The mutual fund industry is understood to have agreed to implement the proposal not to invest liquid scheme corpus in papers with maturity beyond 91 days from April 2009.
The decision was taken yesterday at a meeting of some of the heavyweights in the Association of Mutual Funds of India (Amfi). Initially, some members were of the view that this should be implemented with immediate effect. However, when a view emerged that implementing the proposal in a hurry may not serve the purpose, the members finally decided to make it effective from April next, said an industry source.
The mutual fund industry is fine-tuning its recommendations before submitting the same to the Securities and Exchange Board of India (Sebi). Amfi had issued the draft proposals in this regard last week.
There were lengthy discussions on the maturity of fixed maturity plans (FMPs). While some players favoured FMPs of three to six months, others advocated a minimum 12-month maturity. Efforts are on to sort out the differences with the help of Amfi. If there is no consensus, the decision may be left to Sebi.

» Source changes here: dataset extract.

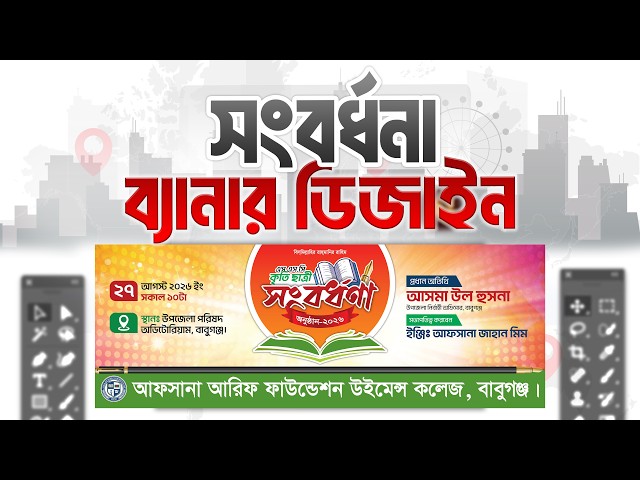 Graphics Design Mastery Course Bangla | Live Project-14 | Class 17 | Adobe Illustrator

Those favouring a three-month maturity argue that if the period is long, investors would go in for fixed deposits (FD) with banks.

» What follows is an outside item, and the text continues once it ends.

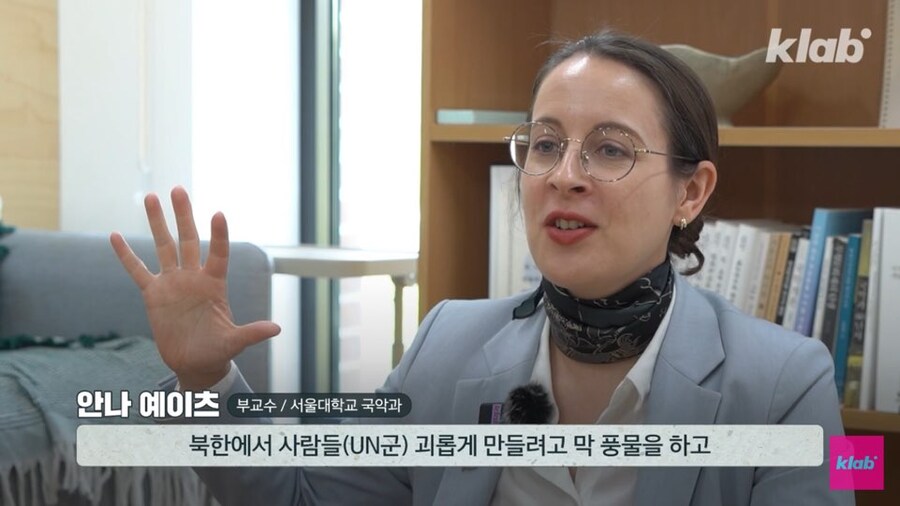 수십년전 외국인이 국악을 스스로 찾아 배웠던 이유_2.jpg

They have also decided that all funds will have to mandatorily disclose their complete portfolio at least on their website. A transparent portfolio will help investors in taking informed decision in tough times when generally rumors rule. Already, some fund houses have been making full disclosure.
In next few days, these proposals would be finalised and submitted to the capital market regulator after which Sebi may come out with revised norms for mutual funds.
The industry is of the view that the proposals that Amfi is going to submit should give confidence to the market regulator that mutual funds are quite disciplined in their approach towards investors.